_GIVEN RECORDS_.
○ ○ ○ ○ ○ ○ ○

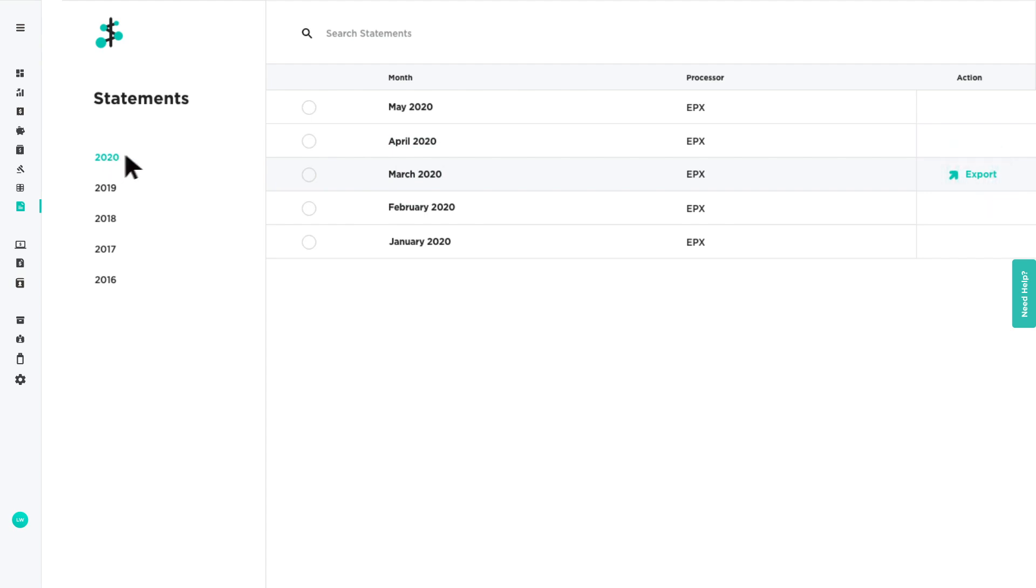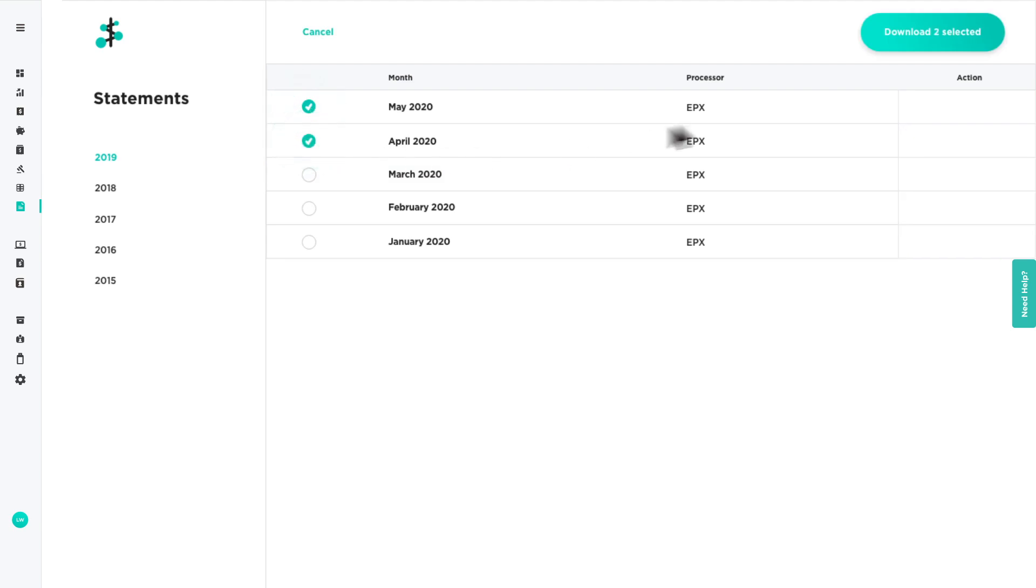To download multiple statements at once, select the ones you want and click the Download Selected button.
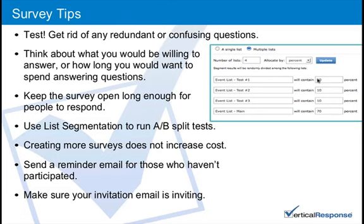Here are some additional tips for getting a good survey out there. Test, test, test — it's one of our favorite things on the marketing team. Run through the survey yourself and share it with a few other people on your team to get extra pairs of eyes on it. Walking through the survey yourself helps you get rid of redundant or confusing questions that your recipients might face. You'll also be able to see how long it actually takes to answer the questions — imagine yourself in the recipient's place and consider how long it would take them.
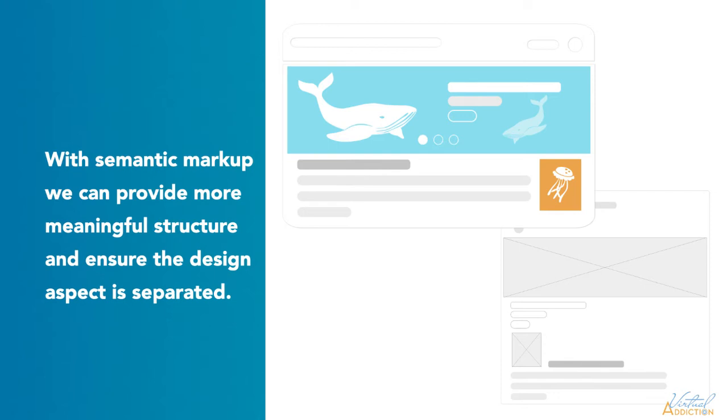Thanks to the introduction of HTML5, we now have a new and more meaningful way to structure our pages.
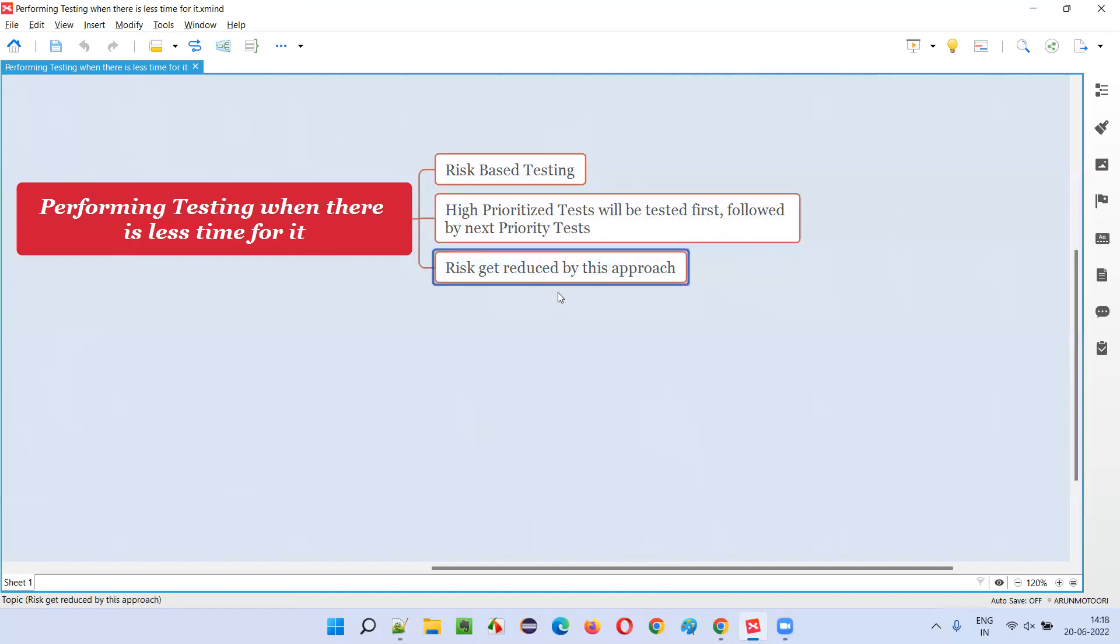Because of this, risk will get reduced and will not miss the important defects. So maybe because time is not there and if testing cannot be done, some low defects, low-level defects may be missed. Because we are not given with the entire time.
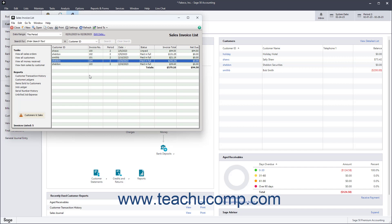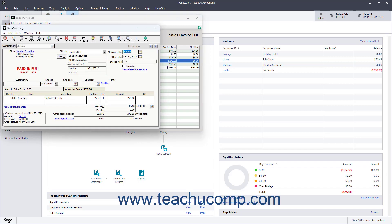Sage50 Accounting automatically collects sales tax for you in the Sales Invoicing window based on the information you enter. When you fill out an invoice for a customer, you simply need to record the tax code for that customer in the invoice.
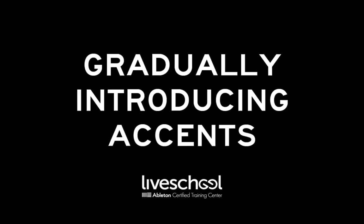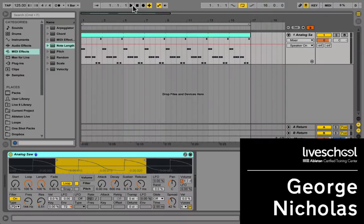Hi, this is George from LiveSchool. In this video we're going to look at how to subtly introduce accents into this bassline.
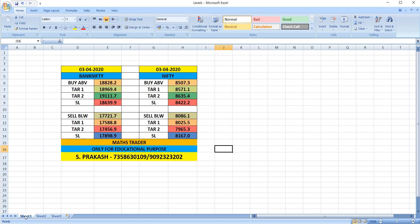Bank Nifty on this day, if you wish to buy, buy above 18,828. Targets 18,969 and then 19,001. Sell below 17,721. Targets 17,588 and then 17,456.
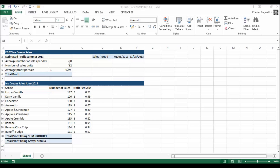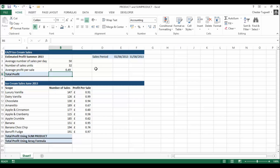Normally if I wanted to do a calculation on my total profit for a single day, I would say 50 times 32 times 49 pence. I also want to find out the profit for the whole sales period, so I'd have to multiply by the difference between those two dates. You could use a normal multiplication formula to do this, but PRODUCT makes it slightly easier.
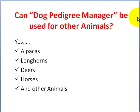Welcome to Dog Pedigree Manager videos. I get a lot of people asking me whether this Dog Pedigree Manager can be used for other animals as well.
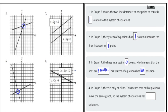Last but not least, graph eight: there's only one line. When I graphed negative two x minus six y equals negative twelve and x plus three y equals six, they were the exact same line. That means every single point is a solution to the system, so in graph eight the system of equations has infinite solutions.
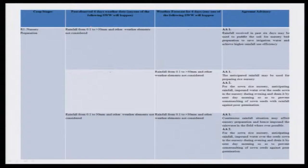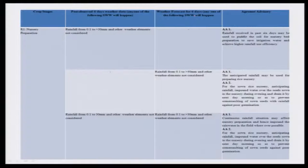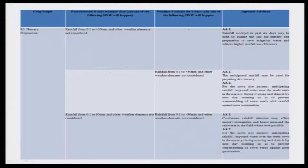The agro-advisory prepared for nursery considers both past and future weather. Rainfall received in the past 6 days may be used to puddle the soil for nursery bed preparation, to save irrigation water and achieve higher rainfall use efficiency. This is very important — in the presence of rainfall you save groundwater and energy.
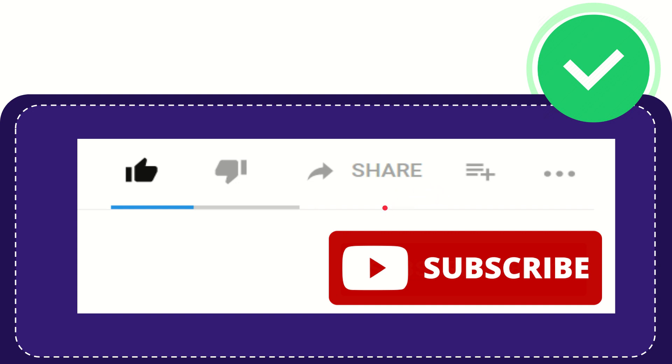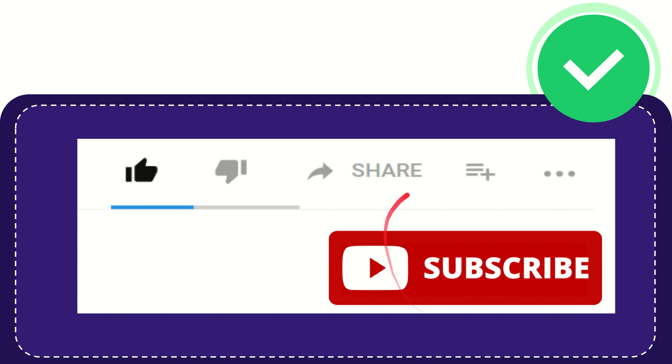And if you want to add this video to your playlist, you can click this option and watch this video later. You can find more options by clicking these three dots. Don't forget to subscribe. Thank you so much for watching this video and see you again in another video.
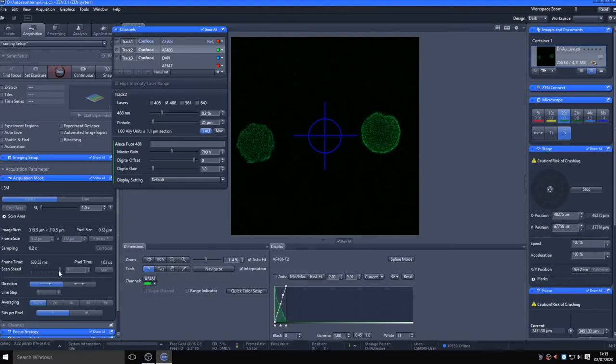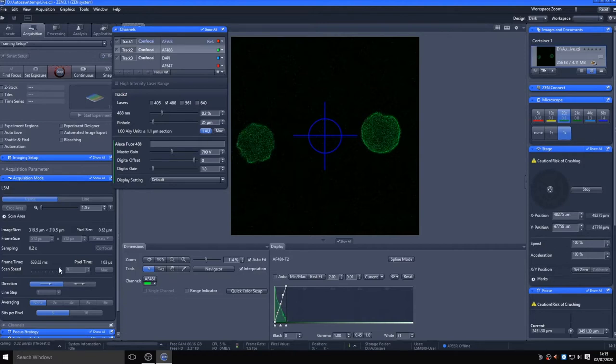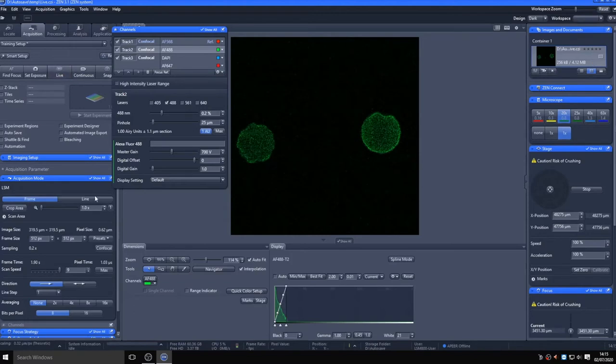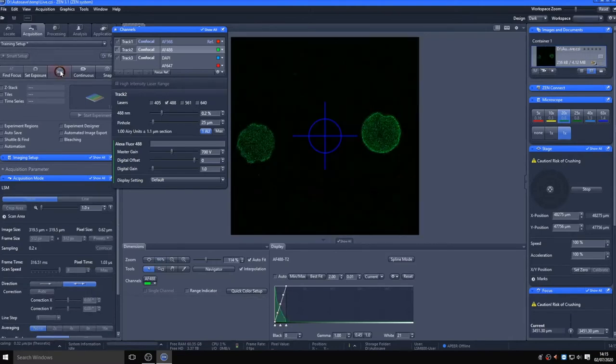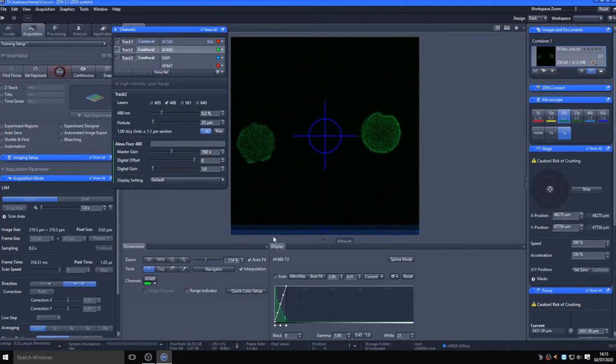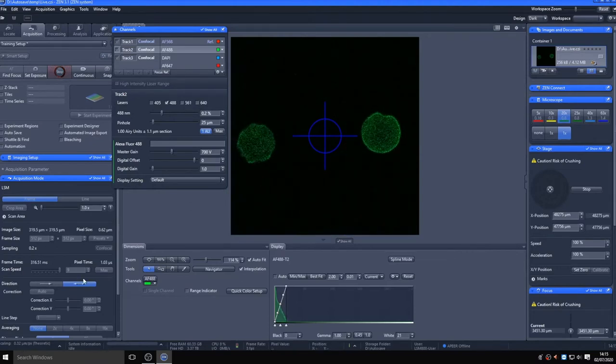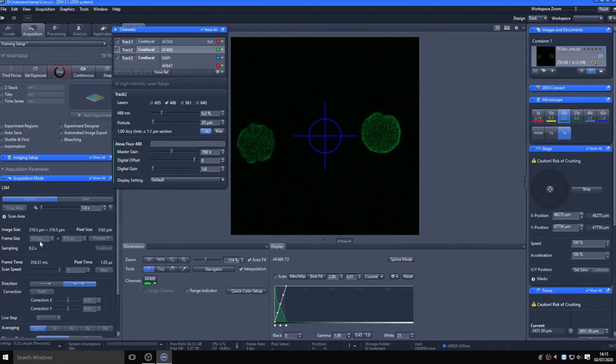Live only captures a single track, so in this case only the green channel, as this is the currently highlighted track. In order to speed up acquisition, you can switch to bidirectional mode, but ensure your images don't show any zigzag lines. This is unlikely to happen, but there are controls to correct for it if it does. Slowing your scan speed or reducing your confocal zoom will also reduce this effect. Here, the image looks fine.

○ ○ ○ ○ ○ ○ ○

_EXERCISE GOAL_. Once the line with "Hi, this is" has been found above, output that line and every later line exactly, stopping after the line with "Welcome to Dog", and omit the pictures.

_SOLUTION FOR THIS TASK_.
Hi, this is George from LiveSchool. In this video we're going to look at how to subtly introduce accents into this bassline.
Bank Nifty on this day, if you wish to buy, buy above 18,828. Targets 18,969 and then 19,001. Sell below 17,721. Targets 17,588 and then 17,456.
Normally if I wanted to do a calculation on my total profit for a single day, I would say 50 times 32 times 49 pence. I also want to find out the profit for the whole sales period, so I'd have to multiply by the difference between those two dates. You could use a normal multiplication formula to do this, but PRODUCT makes it slightly easier.
Welcome to Dog Pedigree Manager videos. I get a lot of people asking me whether this Dog Pedigree Manager can be used for other animals as well.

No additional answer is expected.